STEVEN ALEX VANDERPOOL
Executive Chef, Cuvee Beach Cellar, Destin Fla.
Age: 32. Why he's rising: This Cincinnati, Ohio native caused a stir in Houston when his American-Asian fusion cuisine at Sake Lounge brought that operation recognition as one of the country's best new restaurants of 1998. Now he's pioneering a wine-based concept on the Northwest part of Florida's Gulf Coast. His goal: "I want to help put the whole Destin area on the national food scene." Background: This New England Culinary Institute graduate worked at the Brennan family's Palace Cafe in New Orleans, then headed for Houston's top-rated La Reserve. His role as chef de cuisine at Sake Lounge followed a stint at Manna Bread Company. Cooking style: "Cuvee" is wine parlance for blend, and Vanderpool combines Asian and European flavors to produce complex and unusual flavors.

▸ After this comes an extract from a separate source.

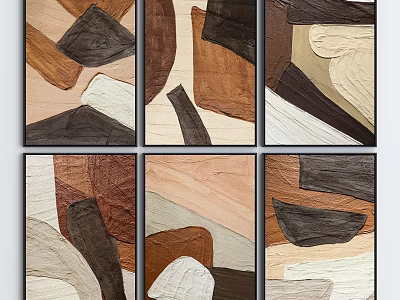 Modern Abstract Geometric Paintings With Brown Beige White Textured Wall Art Decor 3d model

Then he pairs each dish with a complementing wine. Signature dishes: Spicy lemon and fennel calamari; Pepper-crusted black and blue tuna. What the critics say: "Seldom are cross-cultural alliances so congenial."—Texas Monthly. "One of the best new restaurants in Florida for 1999."—Florida Trend. "Extraordinary. A truly exceptional meal."—Northwest Florida Daily News.